[Scraped caption text data]
◇ ◇ ◇ ◇ ◇ ◇ ◇
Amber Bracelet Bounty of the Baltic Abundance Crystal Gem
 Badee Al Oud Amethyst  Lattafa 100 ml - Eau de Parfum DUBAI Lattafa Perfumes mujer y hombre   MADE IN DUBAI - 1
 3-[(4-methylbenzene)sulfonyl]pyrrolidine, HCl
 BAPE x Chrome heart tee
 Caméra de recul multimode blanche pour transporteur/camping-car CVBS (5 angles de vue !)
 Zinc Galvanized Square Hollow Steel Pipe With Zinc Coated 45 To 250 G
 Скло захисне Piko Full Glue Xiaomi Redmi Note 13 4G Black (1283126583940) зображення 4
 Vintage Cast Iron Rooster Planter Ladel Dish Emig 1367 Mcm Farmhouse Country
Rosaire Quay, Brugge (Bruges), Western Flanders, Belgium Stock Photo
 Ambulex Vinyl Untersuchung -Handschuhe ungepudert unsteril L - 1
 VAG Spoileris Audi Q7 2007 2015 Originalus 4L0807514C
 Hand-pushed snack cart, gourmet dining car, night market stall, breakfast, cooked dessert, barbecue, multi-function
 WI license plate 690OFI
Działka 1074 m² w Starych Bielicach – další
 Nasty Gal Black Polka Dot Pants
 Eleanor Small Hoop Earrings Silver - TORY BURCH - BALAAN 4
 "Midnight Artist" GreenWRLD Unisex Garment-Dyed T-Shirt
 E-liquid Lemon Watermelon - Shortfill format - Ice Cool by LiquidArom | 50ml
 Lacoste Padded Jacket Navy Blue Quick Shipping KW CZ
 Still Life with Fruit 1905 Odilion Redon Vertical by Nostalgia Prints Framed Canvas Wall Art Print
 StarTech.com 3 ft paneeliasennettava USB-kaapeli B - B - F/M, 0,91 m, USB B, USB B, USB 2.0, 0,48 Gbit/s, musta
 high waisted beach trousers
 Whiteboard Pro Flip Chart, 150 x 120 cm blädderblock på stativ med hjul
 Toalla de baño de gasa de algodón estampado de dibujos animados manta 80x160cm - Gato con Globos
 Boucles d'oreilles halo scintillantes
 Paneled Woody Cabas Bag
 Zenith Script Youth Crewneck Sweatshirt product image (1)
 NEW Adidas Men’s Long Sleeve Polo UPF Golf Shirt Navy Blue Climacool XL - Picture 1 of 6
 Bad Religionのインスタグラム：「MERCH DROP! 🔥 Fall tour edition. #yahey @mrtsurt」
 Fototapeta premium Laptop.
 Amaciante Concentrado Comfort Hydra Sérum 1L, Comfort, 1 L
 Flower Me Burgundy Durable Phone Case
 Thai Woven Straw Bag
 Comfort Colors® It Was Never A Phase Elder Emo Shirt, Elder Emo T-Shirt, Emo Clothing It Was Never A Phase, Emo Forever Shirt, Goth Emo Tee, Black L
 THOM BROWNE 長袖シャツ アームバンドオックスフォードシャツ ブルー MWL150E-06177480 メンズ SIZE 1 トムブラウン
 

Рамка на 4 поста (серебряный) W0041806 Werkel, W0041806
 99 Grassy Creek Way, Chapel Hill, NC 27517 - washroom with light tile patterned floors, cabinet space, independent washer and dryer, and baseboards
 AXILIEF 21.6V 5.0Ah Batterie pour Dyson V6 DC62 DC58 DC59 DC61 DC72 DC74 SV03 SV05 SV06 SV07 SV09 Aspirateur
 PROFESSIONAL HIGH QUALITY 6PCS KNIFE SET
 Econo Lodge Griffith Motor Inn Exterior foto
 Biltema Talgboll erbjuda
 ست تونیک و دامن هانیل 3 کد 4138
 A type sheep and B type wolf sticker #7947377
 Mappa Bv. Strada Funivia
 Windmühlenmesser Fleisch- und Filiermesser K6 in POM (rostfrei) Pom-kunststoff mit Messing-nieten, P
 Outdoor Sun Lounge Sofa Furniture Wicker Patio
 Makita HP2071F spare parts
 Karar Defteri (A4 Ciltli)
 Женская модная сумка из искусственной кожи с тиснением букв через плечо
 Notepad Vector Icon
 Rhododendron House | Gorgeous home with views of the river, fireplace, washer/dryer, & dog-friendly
◇ ◇ ◇ ◇ ◇ ◇ ◇
### EXERCISE OBJECTIVE
For the word "Blue", return every line of the records that holds it.

### SOLUTION TO THE EXERCISE
 Lacoste Padded Jacket Navy Blue Quick Shipping KW CZ
 NEW Adidas Men’s Long Sleeve Polo UPF Golf Shirt Navy Blue Climacool XL - Picture 1 of 6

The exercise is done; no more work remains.